By Matt Schmitz on November 13, 2013
Following a dip in September in the average fuel economy of new vehicles sold in the U.S., the so-called window-sticker value rebounded in October. Researchers at the University of Michigan Transportation Research Institute — who calculate average sales-weighted fuel economy using monthly sales of individual models of cars, SUVs, vans and pickup trucks, as well as respective models' EPA fuel-economy ratings — reported last month's value had returned to 24.8 mpg, where it peaked in August before falling 0.2 mpg to 24.6 in September due to reduced pump prices of late.
"This improvement likely reflects the net effect of two opposing trends: the improved fuel economy of model-year 2014 vehicles, and the decreased demand for fuel-efficient vehicles because of the recent reduction in the price of gasoline," the institute said in a statement. "Vehicle fuel economy is up 4.7 mpg since October 2007 (the first month of our monitoring)."

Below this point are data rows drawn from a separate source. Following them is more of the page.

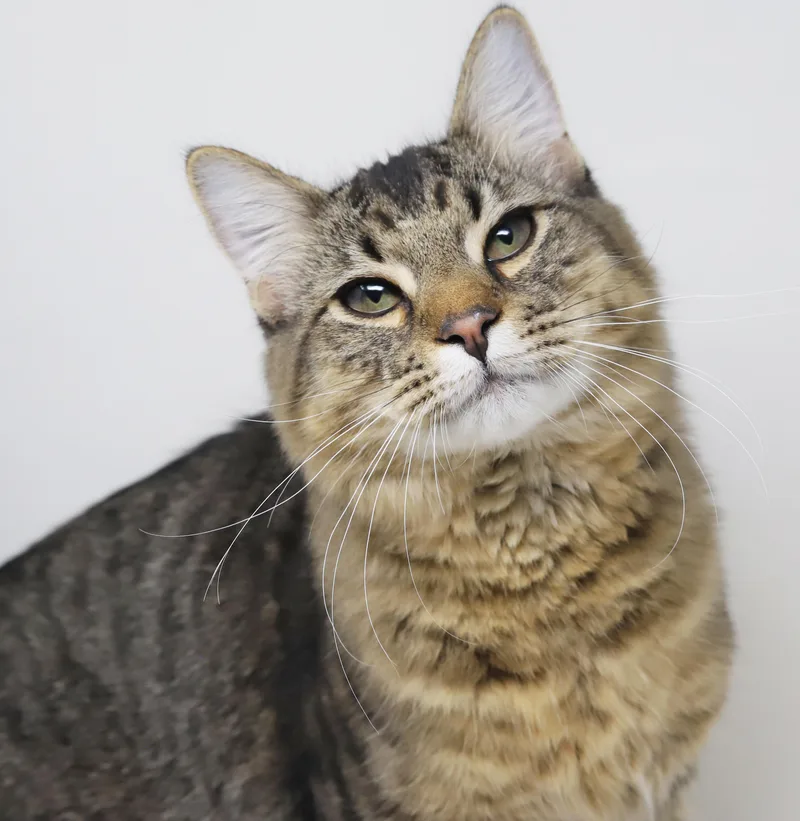 Doofus What A Dorky thumbnail 4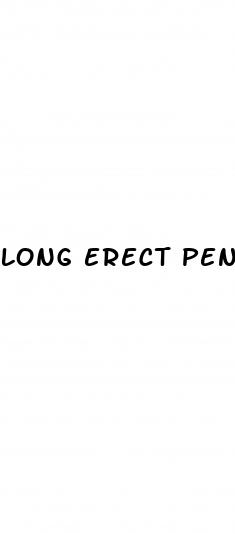 long erect penis pics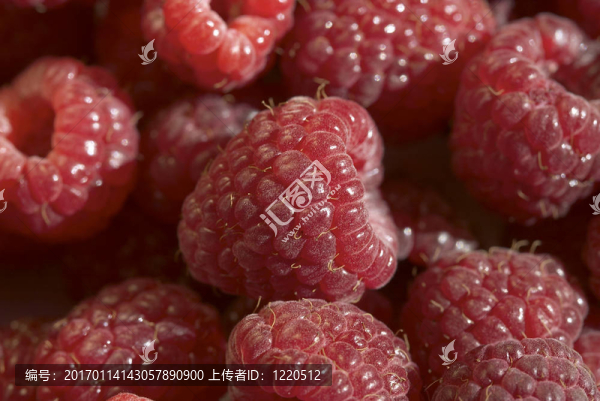 覆盆子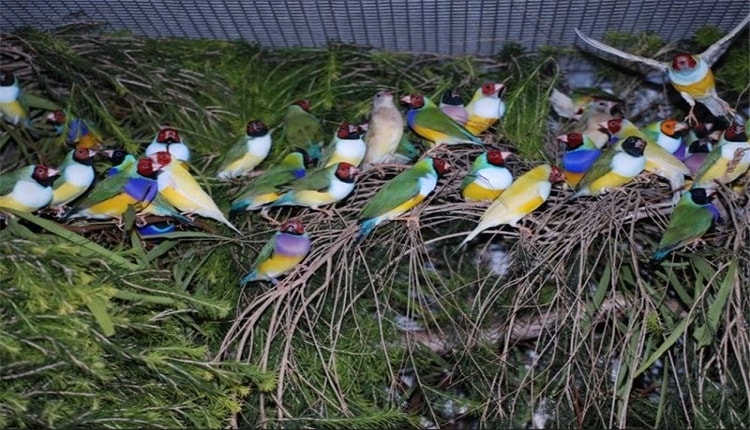 پرورش پرندگان زینتی از مشاغل خانگی پردرآمد برای آقایان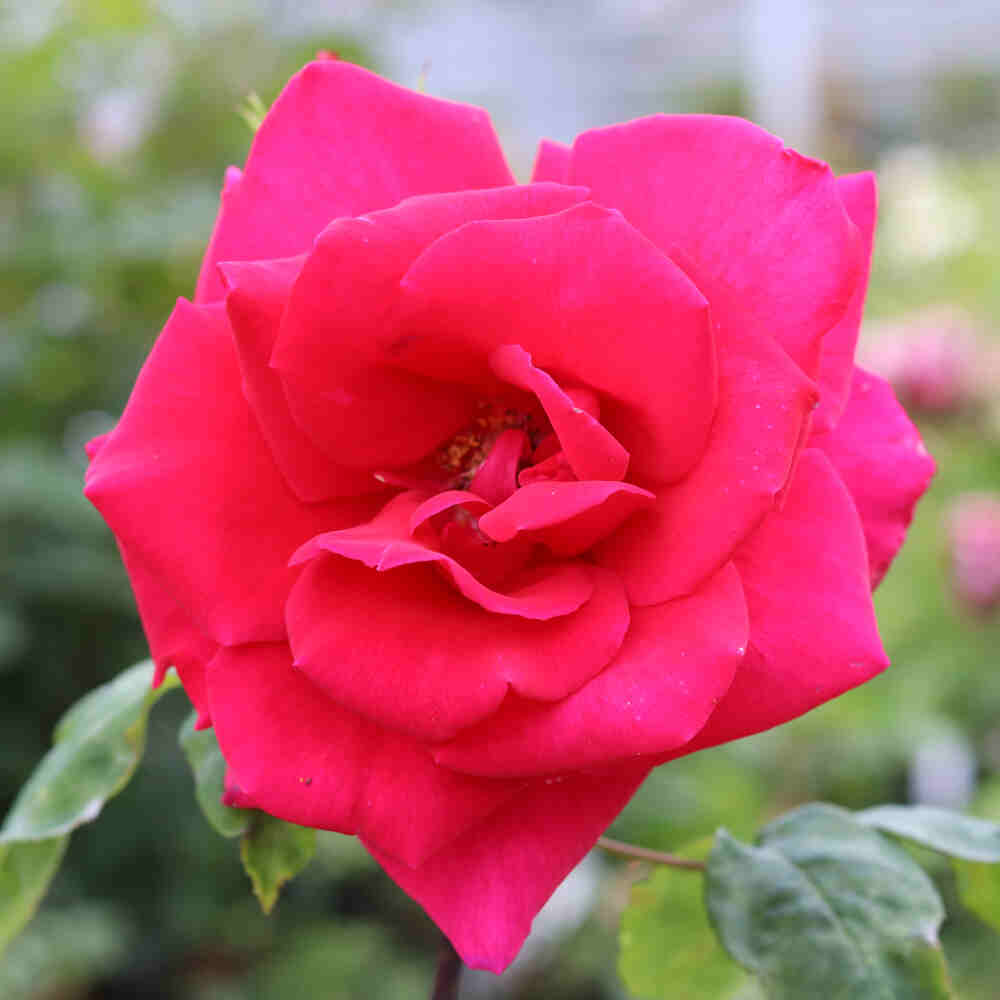 Rose 'Hanne'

Meanwhile, motorists' greenhouse-gas emissions again continued their steady descent, according to the University of Michigan's Eco-Driving Index; the index estimates the monthly amount of greenhouse gases produced by an individual U.S. driver who has purchased a new light-duty vehicle that month. October's EDI stands at 0.8, unchanged from the previous month but still a 20 percent improvement since October 2007. EDI takes into account both the fuel used per distance driven and the amount of driving.